Afin d’évaluer l’impact de ces troubles sur la qualité de vie des patients et de préciser leurs attentes et leur vécu par rapport à la prise en charge de ces séquelles fonctionnelles, l’étude REPAIR a été mise en oeuvre. Elle constitue un observatoire de la prise en charge, par les urologues, de l’insuffisance érectile et de l’incontinence urinaire consécutives à la prostatectomie totale pour traitement du cancer de prostate localisé.

L’étude REPAIR a été réalisée à l’initiative de l’Association française d’urologie. Elle a été rendue possible par un partenariat avec l’industrie pharmaceutique (1). Sa mise en oeuvre a été confiée à l’institut d’études et de sondage TNS Sofres.

Une forte implication des urologues.

Sur le plan méthodologique, chaque urologue qui a accepté de participer à l’observatoire a rempli un questionnaire concernant ses modalités usuelles de prise en charge des troubles sexuels et urinaires après prostatectomie totale. Par ailleurs, dix questionnaires lui ont été confiés afin qu’ils soient remis à dix de ses patients vus en consultation et opérés depuis moins de douze mois. Les malades devaient le remplir de façon anonyme et le renvoyer directement à la TNS Sofres. Le taux de participation à cette étude a été très important. En effet, 535 urologues ont répondu au questionnaire, ce qui représente près de la moitié de l’ensemble des urologues français. Concernant les patients, 2 644 questionnaires ont été colligés par l’institut TNS Sofres, soit en moyenne cinq patients par urologue. Ces chiffres s’expliquent par la forte implication des urologues, mais aussi par le niveau de préoccupation que représentent ces troubles pour les patients. Avant l’intervention, 75 % des patients avaient une activité sexuelle. Après la prostatectomie, une insuffisance érectile a été diagnostiquée chez 92 % des opérés. Des troubles urinaires ont été constatés chez 55 % des patients à un moment quelconque du suivi après l’intervention. Aucune corrélation entre l’incidence des troubles sexuels et urinaires et la technique chirurgicale de la prostatectomie totale, coelioscopique ou chirurgie à ciel ouvert, n’a été mise en évidence.

La dysfonction érectile des patients a été prise en charge par l’ensemble des urologues qui ont participé à l’étude. Cette prise en charge est systématique chez 38 % des praticiens, et occasionnelle, c’est-à-dire sur demande du patient, chez 62 % d’entre eux.
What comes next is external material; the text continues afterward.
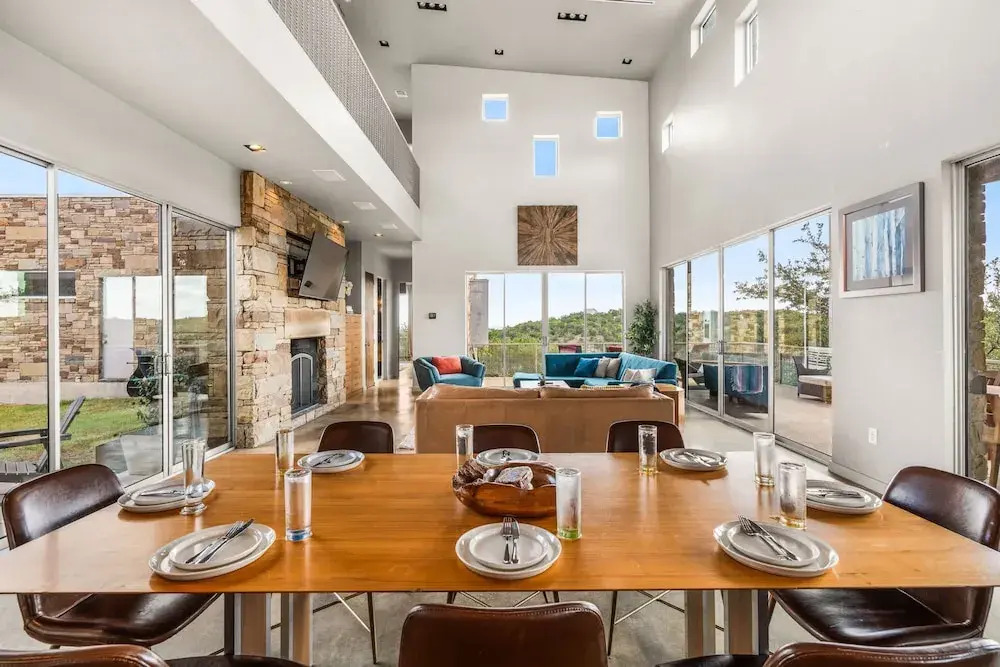 Luxury 4BR Hilltop Retreat With Scenic Views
Le point de vue des patients.

Concernant les patients, ils sont demandeurs d’une prise en charge de leurs troubles de l’érection plus précoce que ce que pensent les urologues. En effet, pour 66 % des urologues, les patients souhaitent une prise en charge au-delà de 3 mois après l’intervention. Mais, pour 61 % des patients, le meilleur moment pour débuter le traitement de leur dysfonction érectile se situe entre 0 et 3 mois. Globalement, la dysfonction érectile a été jugée plus gênante que l’incontinence urinaire par les patients.
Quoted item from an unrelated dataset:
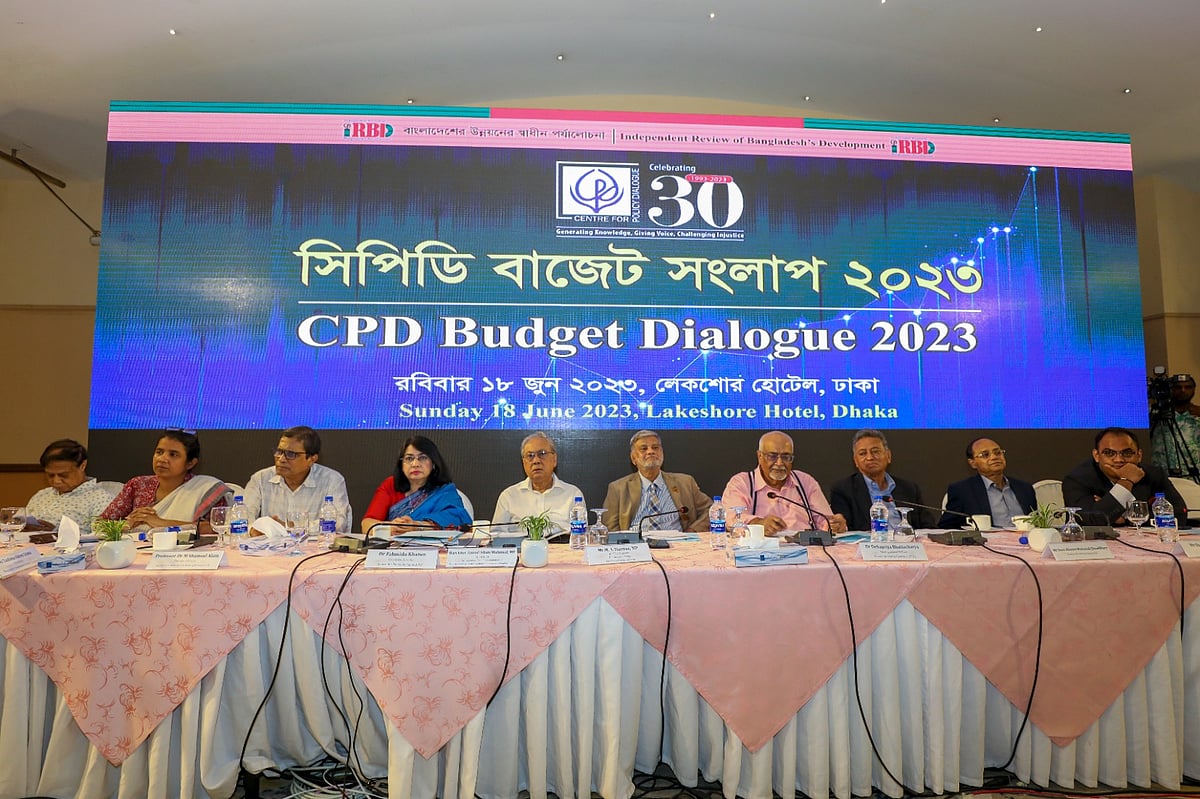 সিপিডির বাজেট সংলাপে পরিকল্পনামন্ত্রী এম এ মান্নানসহ অন্যরা। আজ রাজধানীর একটি হোটেলে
Concernant la prise en charge de la dysfonction érectile postopératoire, 88 % des urologues interrogés dans cette étude ont recours à un même protocole thérapeutique de prise en charge des troubles de l’érection pour tous les patients. Les injections intracaverneuses sont utilisées en première intention par 76 % d’entre eux. Le plus souvent dans le but de rééduquer la fonction érectile pour favoriser une récupération ultérieure d’érections naturelles. Ainsi, l’étude REPAIR montre que la dysfonction érectile après prostatectomie totale est fréquente. Elle montre également que la prise en charge est effectuée par la très grande majorité des urologues, les patients souhaitant qu’elle soit effectuée précocement.

D’après un entretien avec le Pr François Giuliano, neuro-uro-andrologue, service de médecine physique et de rééducation, hôpital Raymond-Poincaré, Garches.
(1) L’étude REPAIR a été réalisée en partenariat avec le Laboratoire Schwarz Pharma.